- _Your instructions_
Leave out the pictures and retype all the entries below exactly.

- _Records to use_

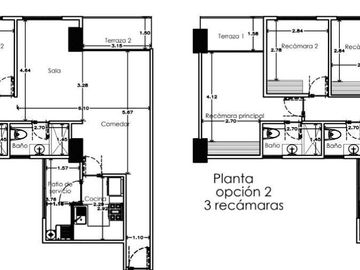Departamento PreVenta Lindavista 100 m2 Piso 7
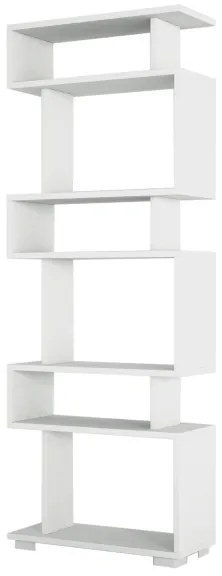 Könyvespolc BLOK 165x60 cm fehér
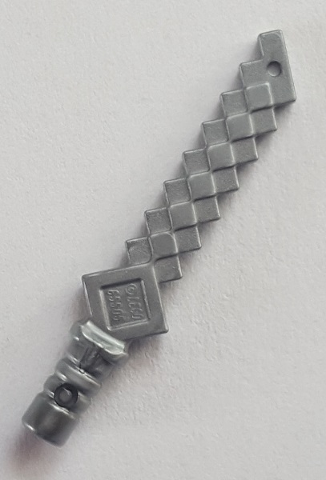 Minifigure, Weapon Dagger Pixelated (Minecraft)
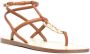 FENDI FF-plaque strappy sandals BROWN - Thumbnail 2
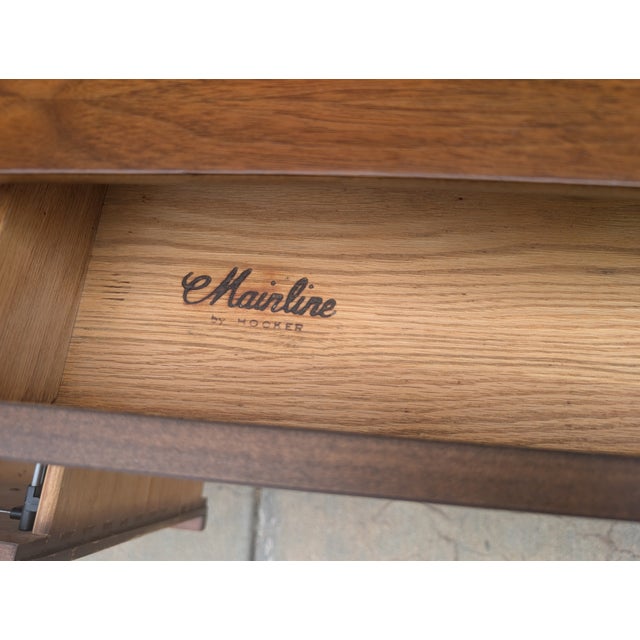 Mid-Century Modern 1960s Mid-Century Modern Mainline by Hooker Desk For Sale - Image 3 of 15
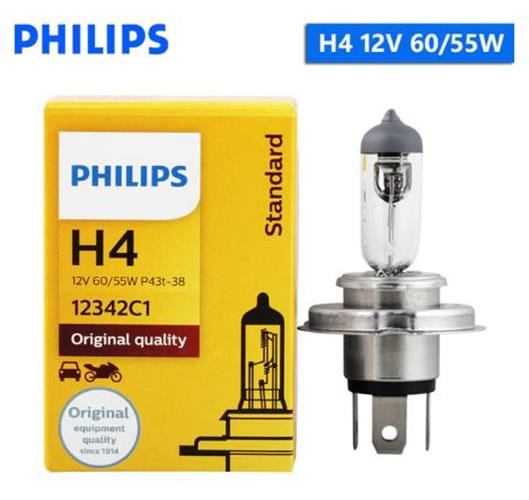 10 x Genuine Philips 12v H4 Halogen 60/55w 3200k P43t Headlight Globes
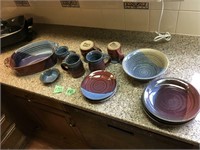 stoneware dishes, 8 dinner plates/more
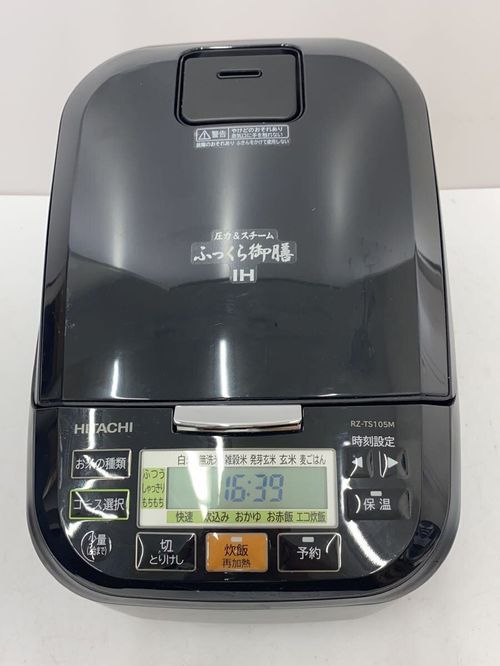 『 美品』値下げしましたHITACHIIH ジャー炊飯器 RZーTS105M 楽天市場】RZ-TS105M（炊飯器｜キッチン家電）：家電の通販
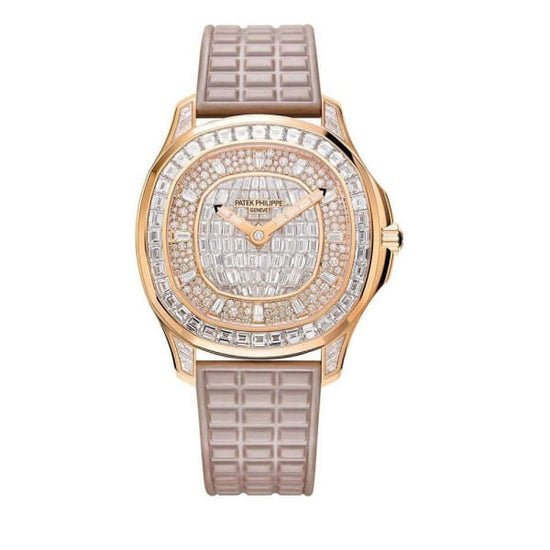 Patek Philippe Replica Watch Aquanaut Luce Haute Joaillerie, 18k Rose Gold with 313 diamonds ~7,9ct, 38,8mm, 5062/450R-001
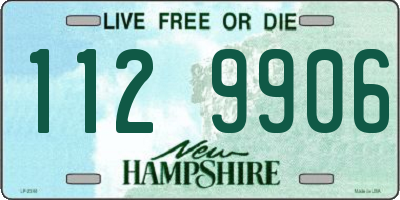 NH license plate 1129906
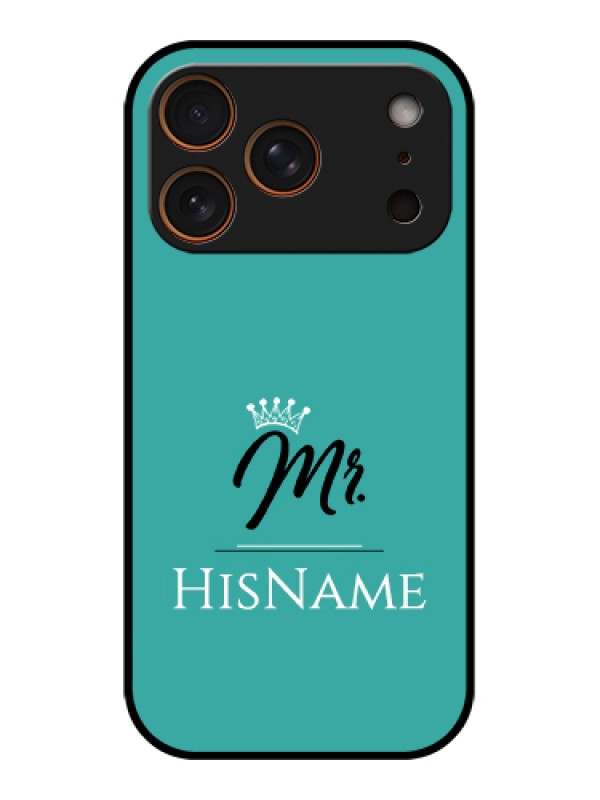 Custom Apple iPhone 17 Pro Custom Glass Phone Case - Mr With Name Design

- _Written answer_
Departamento PreVenta Lindavista 100 m2 Piso 7
 Könyvespolc BLOK 165x60 cm fehér
 Minifigure, Weapon Dagger Pixelated (Minecraft)
 FENDI FF-plaque strappy sandals BROWN - Thumbnail 2
 Mid-Century Modern 1960s Mid-Century Modern Mainline by Hooker Desk For Sale - Image 3 of 15
 10 x Genuine Philips 12v H4 Halogen 60/55w 3200k P43t Headlight Globes
 stoneware dishes, 8 dinner plates/more
 『 美品』値下げしましたHITACHIIH ジャー炊飯器 RZーTS105M 楽天市場】RZ-TS105M（炊飯器｜キッチン家電）：家電の通販
 Patek Philippe Replica Watch Aquanaut Luce Haute Joaillerie, 18k Rose Gold with 313 diamonds ~7,9ct, 38,8mm, 5062/450R-001
 NH license plate 1129906
 Custom Apple iPhone 17 Pro Custom Glass Phone Case - Mr With Name Design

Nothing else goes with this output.